On Thursday, 27 October 2022 at 17:17:01 UTC, ab wrote:

>

Hi,

when trying to compare different implementations of the optimized builds of a pure function using benchmark from std.datetime.stopwatch, I get times equal to zero, I suppose because the functions are not executed as they do not have side effects.

The same happens with the example from the documentation:
https://dlang.org/library/std/datetime/stopwatch/benchmark.html

How can I prevent the compiler from removing the code I want to measure? Is there some utility in the standard library or pragma that I should use?

Thanks

AB

Thanks to H.S. Teoh and Dennis for the suggestions, they both work. I like the empty asm block a bit more because it is less invasive, but it only works with ldc.

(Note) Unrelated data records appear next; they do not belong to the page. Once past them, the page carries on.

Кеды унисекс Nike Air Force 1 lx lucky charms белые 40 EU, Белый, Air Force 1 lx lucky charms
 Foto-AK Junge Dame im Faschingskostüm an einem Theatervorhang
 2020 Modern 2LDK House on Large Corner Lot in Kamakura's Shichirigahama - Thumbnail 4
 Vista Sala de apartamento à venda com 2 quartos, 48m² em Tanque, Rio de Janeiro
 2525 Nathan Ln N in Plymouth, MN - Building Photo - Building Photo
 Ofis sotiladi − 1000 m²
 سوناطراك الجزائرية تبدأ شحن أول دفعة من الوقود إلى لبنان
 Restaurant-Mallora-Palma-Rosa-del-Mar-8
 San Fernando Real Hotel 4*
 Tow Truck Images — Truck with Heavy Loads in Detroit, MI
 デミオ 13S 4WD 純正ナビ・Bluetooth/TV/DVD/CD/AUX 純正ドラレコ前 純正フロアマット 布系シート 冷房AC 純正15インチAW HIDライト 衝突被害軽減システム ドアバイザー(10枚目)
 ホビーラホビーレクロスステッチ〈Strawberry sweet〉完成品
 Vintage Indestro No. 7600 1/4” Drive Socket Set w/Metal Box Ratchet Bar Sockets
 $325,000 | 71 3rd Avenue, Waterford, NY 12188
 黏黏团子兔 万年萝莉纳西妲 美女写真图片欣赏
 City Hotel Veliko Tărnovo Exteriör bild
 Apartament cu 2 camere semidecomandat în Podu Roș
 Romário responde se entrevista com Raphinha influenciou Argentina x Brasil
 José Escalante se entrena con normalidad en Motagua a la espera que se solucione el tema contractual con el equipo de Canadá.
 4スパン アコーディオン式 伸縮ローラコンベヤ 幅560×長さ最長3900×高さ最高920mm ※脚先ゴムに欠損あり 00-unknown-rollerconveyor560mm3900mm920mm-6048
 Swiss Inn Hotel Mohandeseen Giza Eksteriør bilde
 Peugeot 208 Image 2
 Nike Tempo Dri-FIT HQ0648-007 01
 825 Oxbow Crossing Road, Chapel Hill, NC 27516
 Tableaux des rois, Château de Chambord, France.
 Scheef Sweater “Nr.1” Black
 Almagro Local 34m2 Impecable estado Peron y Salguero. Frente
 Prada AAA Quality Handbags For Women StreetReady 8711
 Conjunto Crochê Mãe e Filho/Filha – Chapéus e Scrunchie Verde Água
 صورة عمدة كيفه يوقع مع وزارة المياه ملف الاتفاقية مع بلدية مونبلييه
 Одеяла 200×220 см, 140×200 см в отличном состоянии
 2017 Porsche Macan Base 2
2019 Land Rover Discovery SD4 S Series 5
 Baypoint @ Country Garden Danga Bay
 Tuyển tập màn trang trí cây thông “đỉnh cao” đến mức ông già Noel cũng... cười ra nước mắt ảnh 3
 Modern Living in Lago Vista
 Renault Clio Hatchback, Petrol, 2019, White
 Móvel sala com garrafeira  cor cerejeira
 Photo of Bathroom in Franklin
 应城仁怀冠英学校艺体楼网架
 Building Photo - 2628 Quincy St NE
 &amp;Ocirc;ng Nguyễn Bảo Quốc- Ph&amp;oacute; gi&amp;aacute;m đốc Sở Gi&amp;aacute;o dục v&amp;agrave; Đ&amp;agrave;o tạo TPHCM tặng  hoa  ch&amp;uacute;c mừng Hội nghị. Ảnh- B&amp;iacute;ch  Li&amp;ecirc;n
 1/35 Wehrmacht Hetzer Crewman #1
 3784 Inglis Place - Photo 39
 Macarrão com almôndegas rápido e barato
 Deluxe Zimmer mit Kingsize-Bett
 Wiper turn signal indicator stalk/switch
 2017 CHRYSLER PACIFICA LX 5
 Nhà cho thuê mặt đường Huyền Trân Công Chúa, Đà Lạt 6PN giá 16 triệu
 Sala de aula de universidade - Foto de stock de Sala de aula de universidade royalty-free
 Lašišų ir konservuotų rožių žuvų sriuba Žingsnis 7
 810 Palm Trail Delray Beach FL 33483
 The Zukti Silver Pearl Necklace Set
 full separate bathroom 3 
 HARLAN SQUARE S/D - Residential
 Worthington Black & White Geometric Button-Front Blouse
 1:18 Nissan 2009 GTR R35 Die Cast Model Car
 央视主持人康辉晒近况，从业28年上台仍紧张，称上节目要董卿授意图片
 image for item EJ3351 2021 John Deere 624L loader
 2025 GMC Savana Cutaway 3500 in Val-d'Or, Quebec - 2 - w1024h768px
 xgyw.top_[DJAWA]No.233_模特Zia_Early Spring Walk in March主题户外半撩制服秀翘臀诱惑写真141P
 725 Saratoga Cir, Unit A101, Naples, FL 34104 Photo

@Imperatorn see Dennis code for an example. std.datetime.benchmark works, but at high optimization level (-O2, -O3) the loop can be removed and the time brought down to 0hnsec. E.g. try "ldc2 -O3 -run dennis.d".

AB

October 28, 2022

On Friday, 28 October 2022 at 09:48:14 UTC, ab wrote:

>

On Thursday, 27 October 2022 at 17:17:01 UTC, ab wrote:

>

[...]

Thanks to H.S. Teoh and Dennis for the suggestions, they both work. I like the empty asm block a bit more because it is less invasive, but it only works with ldc.

@Imperatorn see Dennis code for an example. std.datetime.benchmark works, but at high optimization level (-O2, -O3) the loop can be removed and the time brought down to 0hnsec. E.g. try "ldc2 -O3 -run dennis.d".

AB

Yeah I didn't read carefully enough sorry 🌷

October 29, 2022

On Friday, 28 October 2022 at 09:48:14 UTC, ab wrote:

>

Thanks to H.S. Teoh and Dennis for the suggestions, they both work. I like the empty asm block a bit more because it is less invasive, but it only works with ldc.

I used the volatileLoad/volatileStore functions to ensure that the compiler doesn't find a way to optimize out the code (for example, move repetitive calculations out of the loop or even do them at compile time) and the RDTSC/RDTSCP instruction via inline assembly for measurements: https://gist.github.com/ssvb/5c926ed9bc755900fdaac3b71a0f7cfd

The goal was to have a very fast way to check (with no measurable overhead) whether reasonable optimization options had been supplied to the compiler.

October 29, 2022

On Thursday, 27 October 2022 at 18:41:36 UTC, Dennis wrote:

>

On Thursday, 27 October 2022 at 17:17:01 UTC, ab wrote:

>

How can I prevent the compiler from removing the code I want to measure?

With many C compilers, you can use volatile assembly blocks for that. With LDC -O3, a regular assembly block also does the trick currently:

void main()
{
    import std.datetime.stopwatch;
    import std.stdio: write, writeln, writef, writefln;
    import std.conv : to;

    void f0() {}
    void f1()
    {
        foreach(i; 0..4_000_000)
        {
            // nothing, loop gets optimized out
        }
    }
    void f2()
    {
        foreach(i; 0..4_000_000)
        {
            // defeat optimizations
            asm @safe pure nothrow @nogc {}
        }
    }
    auto r = benchmark!(f0, f1, f2)(1);
    writeln(r[0]); // 4 μs
    writeln(r[1]); // 4 μs
    writeln(r[2]); // 1 ms
}

I recommend a volatile data dependency rather than injecting volatile ASM into code FYI i.e. don't modify the pure function but rather make sure the result is actually used in the eyes of the compiler.